Vous vous souvenez des cahiers de doléances ? Non ? Mais si, rappelez-vous… plus de 200 000 écrits rédigés par des citoyennes et citoyens à l’attention du président de la République fin 2018. Pour son documentaire Les Doléances(1), la réalisatrice Hélène Desplanques a enquêté pendant plus de deux ans dans les archives départementales pour consulter ces textes. Avec Fabrice Dalongeville, maire d’Auger-Saint-Vincent, commune rurale de l’Oise, ils ont pris la route pour rencontrer les auteurs et les collectifs citoyens de ces contributions oubliées.

 

Missions Publiques. Dans l’imaginaire collectif, les doléances renvoient à la Révolution française. Comme en 1789, les Français ont ressenti le besoin d’exprimer leurs griefs et leurs attentes. Aujourd’hui, vous parlez d’amnésie collective.

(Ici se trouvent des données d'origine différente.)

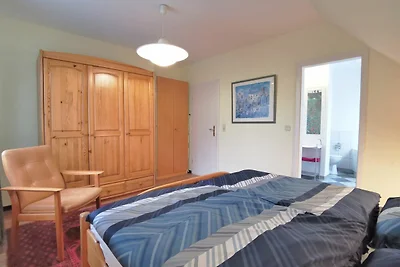 Ferienwohnung Kobs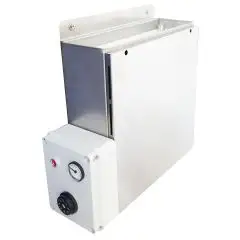 122593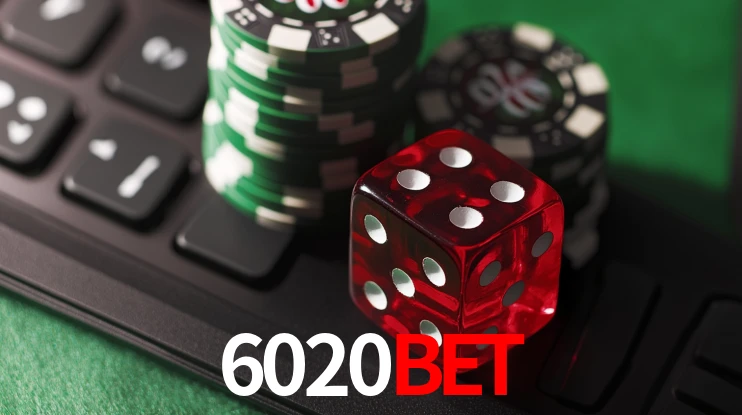 Security Systems 6020bet
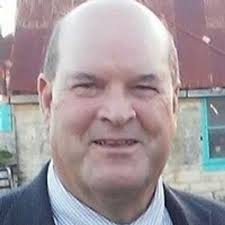 Thomas Clair Obituary December 30, 2017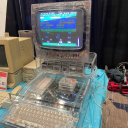 chaotic-scraps avatar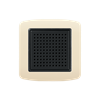 Product Thumbnail urls
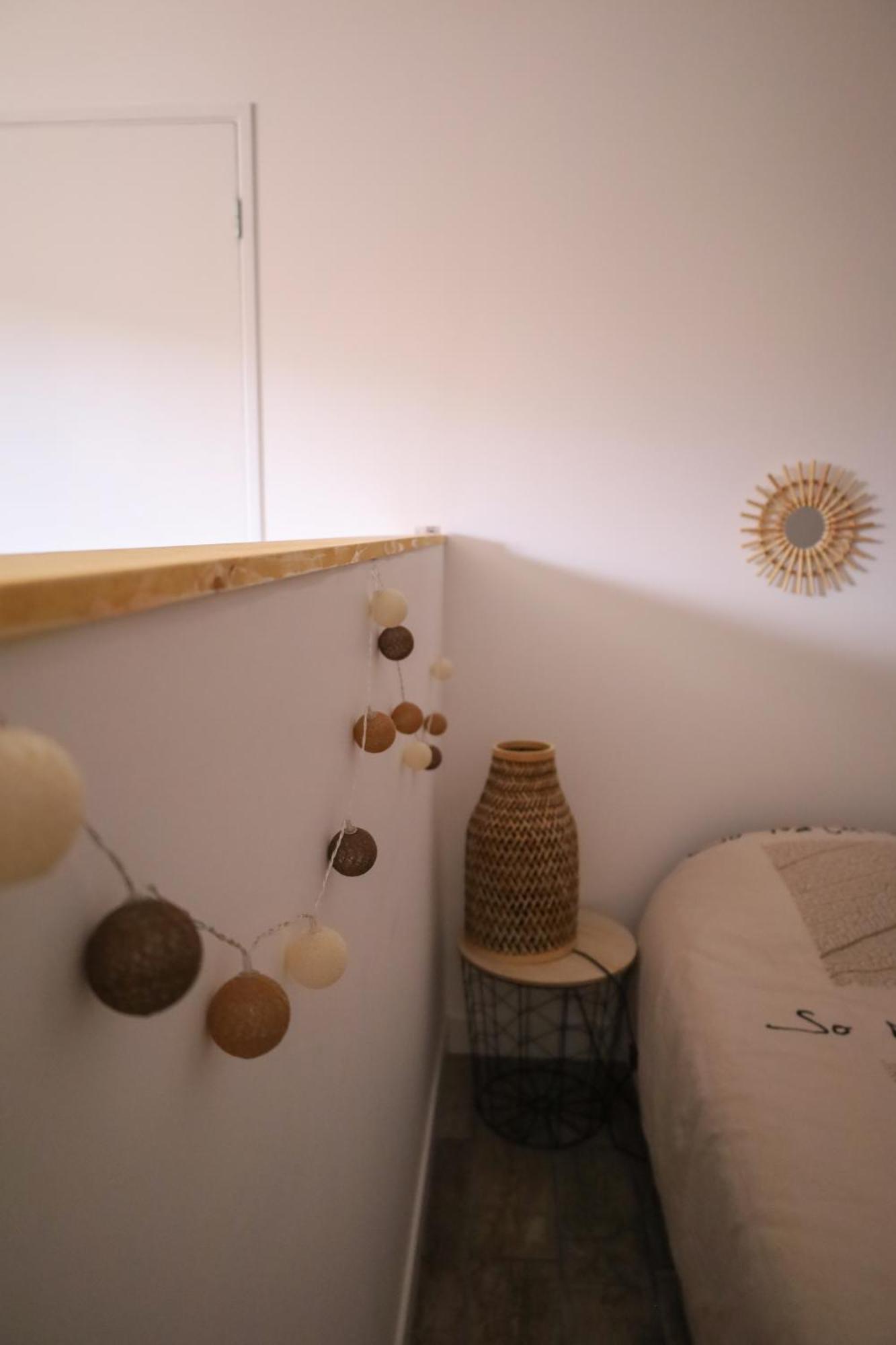 Le Studio Cosy Lagnieu Luaran gambar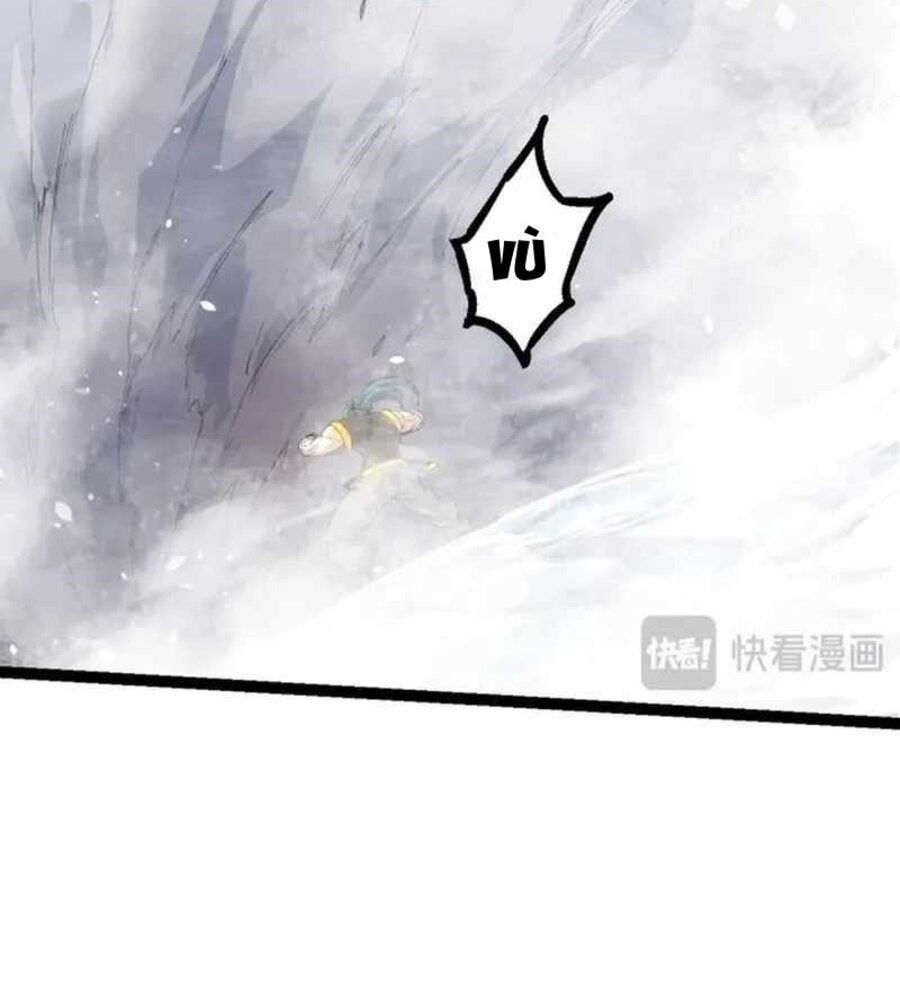 page_46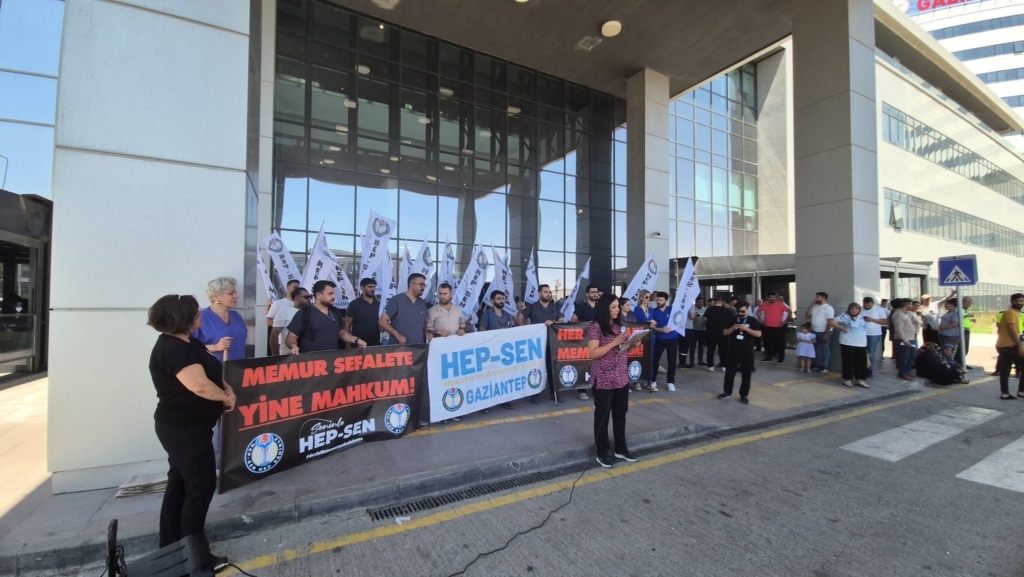 HEP-SEN’in 18–19 Ağustos İş Bırakma Çağrısı Tüm Türkiye'de Karşılık Buldu! (resim 147) – saglikhaberi.net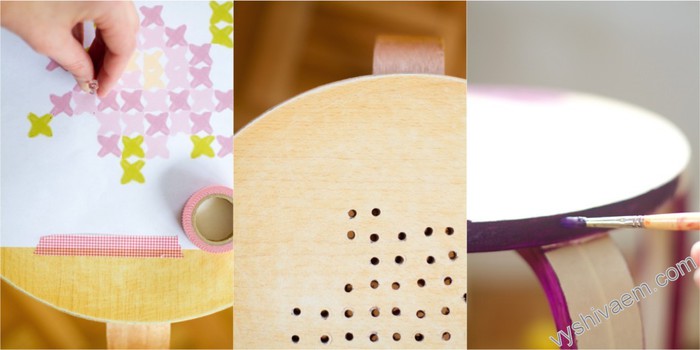 cross_stitch__Stool_DIY_purple_flower_1-1024x512 (700x350, 44Kb)
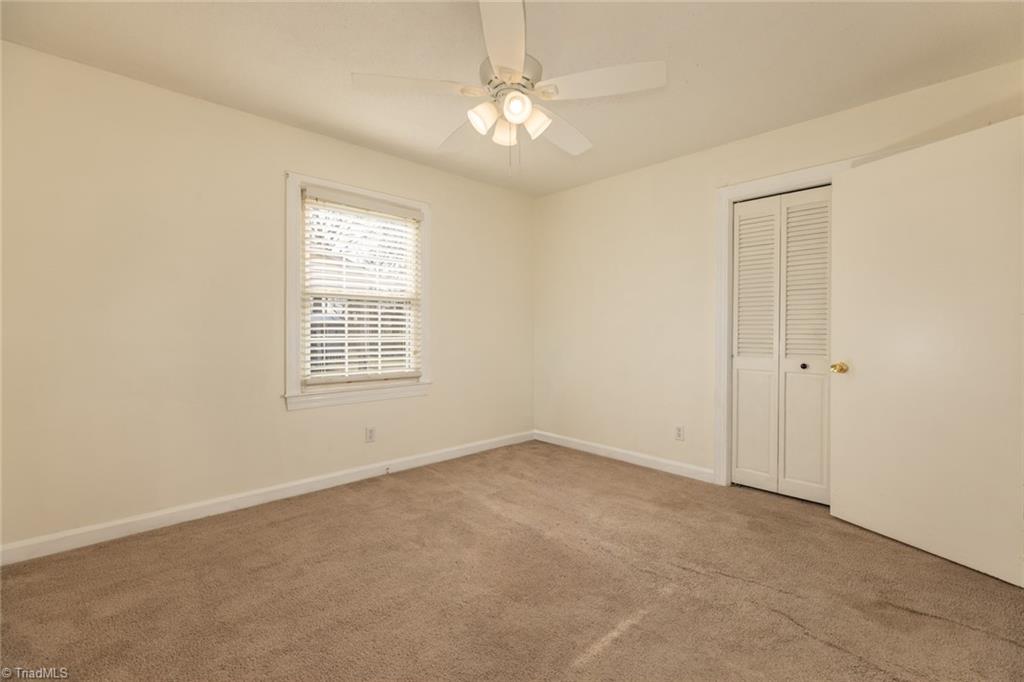 115 Monroe Drive Property Photo 26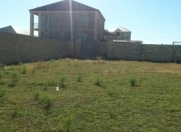 Satılır 4.5 sot torpaq Ramana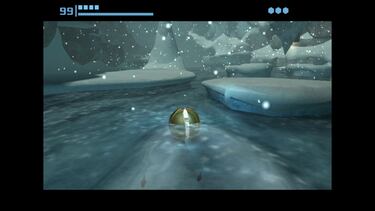 Cara a cara: Metroid Prime (GameCube) vs Metroid Prime Remastered (Switch)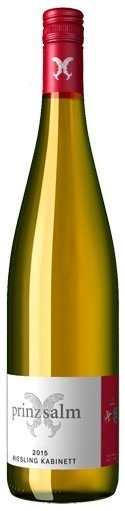 2015 Riesling Kabinett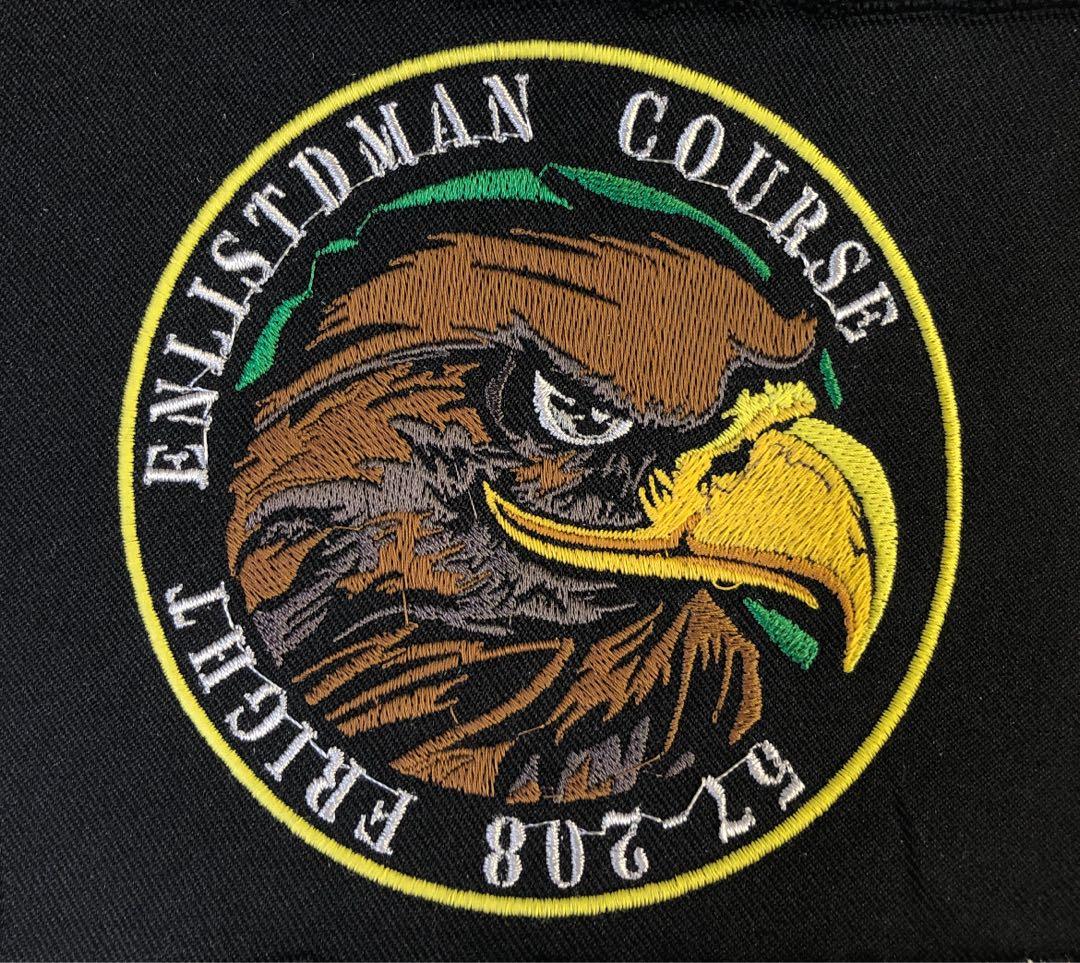 bアイロンワッペン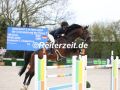 EF3A0205-Lesley-Wulff-u.-Chris-68-Ehlersdorf-W2-2024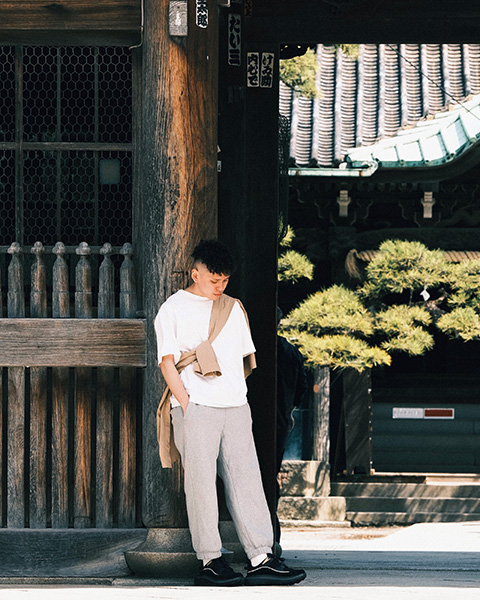 2022-03-29-22.18のイメージ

Hélène Desplanques. Par amnésie, je veux dire que les doléances, bien qu’ayant été massivement rédigées et collectées, ont été rangées dans des cartons sans réel suivi. Il y a eu cette énorme mobilisation autour du Grand débat national qui a suivi la crise sociale des Gilets Jaunes, mais une fois l’effervescence retombée, les revendications citoyennes ont été largement ignorées. Plus de 200 000 contributions manuscrites ont été recueillies partout en France, déposées en mairie et adressées au président de la République. Et c’est comme si ces contributions n’avaient jamais existé. Les instances mises en place pendant le Grand débat national ont disparu ci-tôt le projet achevé. Cela reflète un vrai problème dans la manière dont nos institutions gèrent la parole citoyenne. C’est cette « amnésie » qui nous a motivés à rencontrer les citoyens qui les ont écrites.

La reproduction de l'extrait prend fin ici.